Rossett wondered about the gray faces in his dream. He couldn’t remember when they had first started to appear.
He looked at the files again, sighed, and then started the car.
The window on the Austin had stayed up for once, so his drive across the city wasn’t as grim as usual. Few private cars were left on the roads in the near absence of fuel, so the journey only took him twenty minutes through a black-and-white London that was still half asleep and confused in fog.
As he approached the marked house, he saw three army trucks and a black Rover police car parked on the corner. He checked his watch: five thirty-five, everything on schedule.
He parked behind the third truck, nodding to the eyes that watched him pull up. A couple nodded in return, but most stayed huddled in their heavy coats and capes, arms folded like surly schoolboys outside a headmaster’s office, heads sagging from lack of sleep.
He got out of the car, walked past the trucks, and banged on the misted-up window of the Rover. The door opened almost immediately, and Rossett leaned down to speak to the occupants.

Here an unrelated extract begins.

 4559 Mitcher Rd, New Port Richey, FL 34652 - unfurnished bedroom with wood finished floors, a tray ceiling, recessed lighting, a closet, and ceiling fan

His boss, Brewer, and a uniformed inspector he didn’t know nodded in the half-light of the yellow bulb in the back of the car. A uniformed sergeant Rossett vaguely recalled from a previous operation climbed out the front of the car and smoothed his tunic, nodding at Rossett.
“We okay to go, sir?” Rossett addressed Brewer directly.
“Whatever you think best, Sergeant,” replied Brewer, who was pretending, quite badly, to read some papers on a clipboard in an effort to stay out of the operation.
“I’ll check that the men are ready to roll,” said Rossett. Although Brewer didn’t respond—he seldom did—he was supposed to monitor Rossett’s work as a courtesy to the Met. In truth he only turned up under protest and seldom even spoke to the Germans.
“If you don’t mind, Sergeant, I’ll stay out of your work as much as I can.